LISTED ENTRIES section start
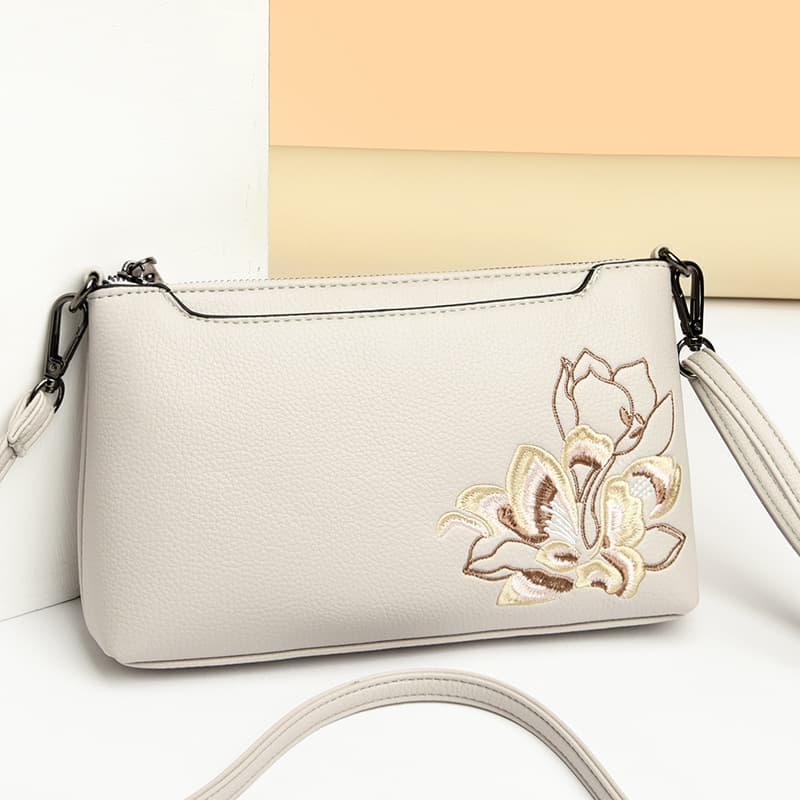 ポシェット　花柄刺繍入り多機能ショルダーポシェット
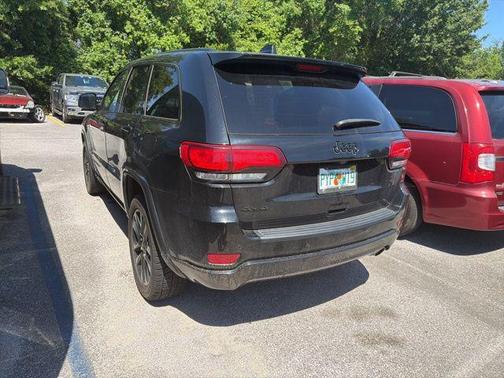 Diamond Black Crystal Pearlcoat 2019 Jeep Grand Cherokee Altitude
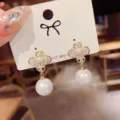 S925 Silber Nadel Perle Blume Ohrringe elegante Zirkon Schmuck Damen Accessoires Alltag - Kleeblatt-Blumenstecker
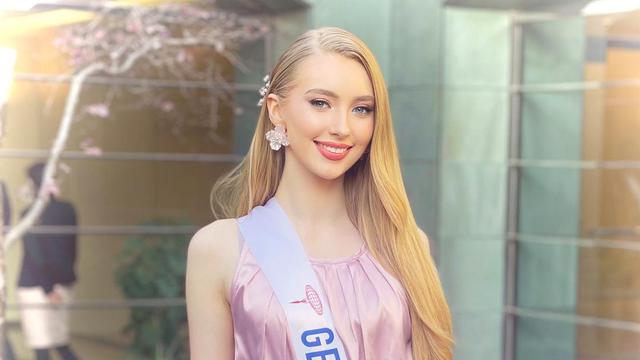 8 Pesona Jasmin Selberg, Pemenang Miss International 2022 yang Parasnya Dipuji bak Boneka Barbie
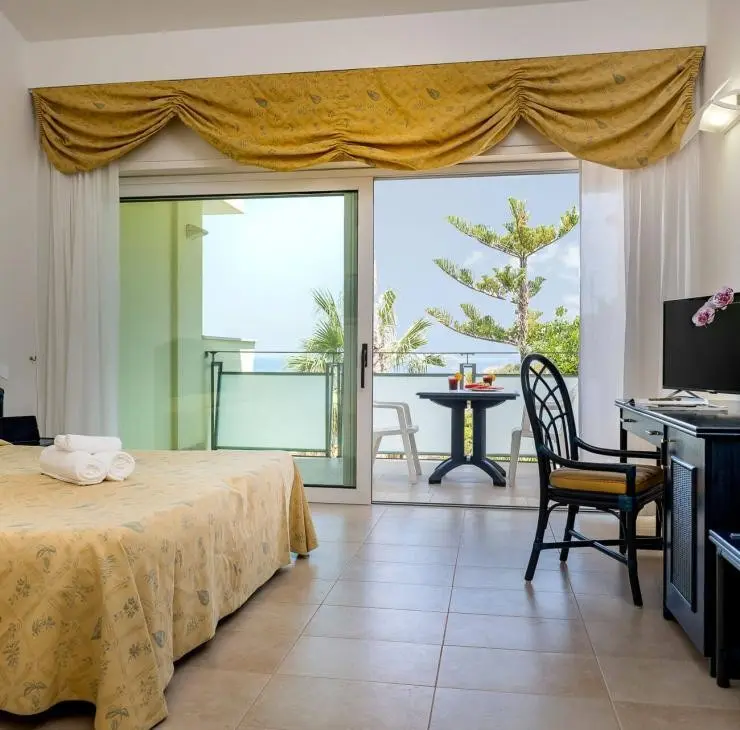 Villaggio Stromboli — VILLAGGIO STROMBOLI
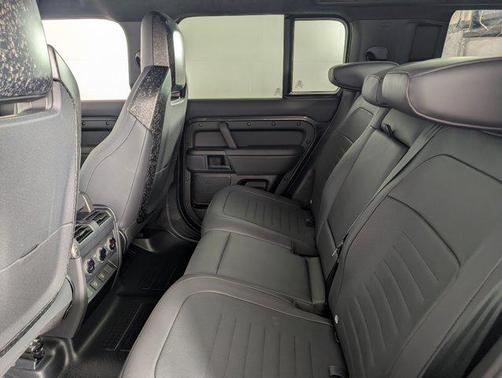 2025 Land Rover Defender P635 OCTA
LISTED ENTRIES section end
◆ ACTION ITEM
Copy exactly, and only, the lines from the line containing "8 Pesona Jasmin" through the final line of the material above, with no pictures.

◆ ANSWER BOX
 8 Pesona Jasmin Selberg, Pemenang Miss International 2022 yang Parasnya Dipuji bak Boneka Barbie
 Villaggio Stromboli — VILLAGGIO STROMBOLI
 2025 Land Rover Defender P635 OCTA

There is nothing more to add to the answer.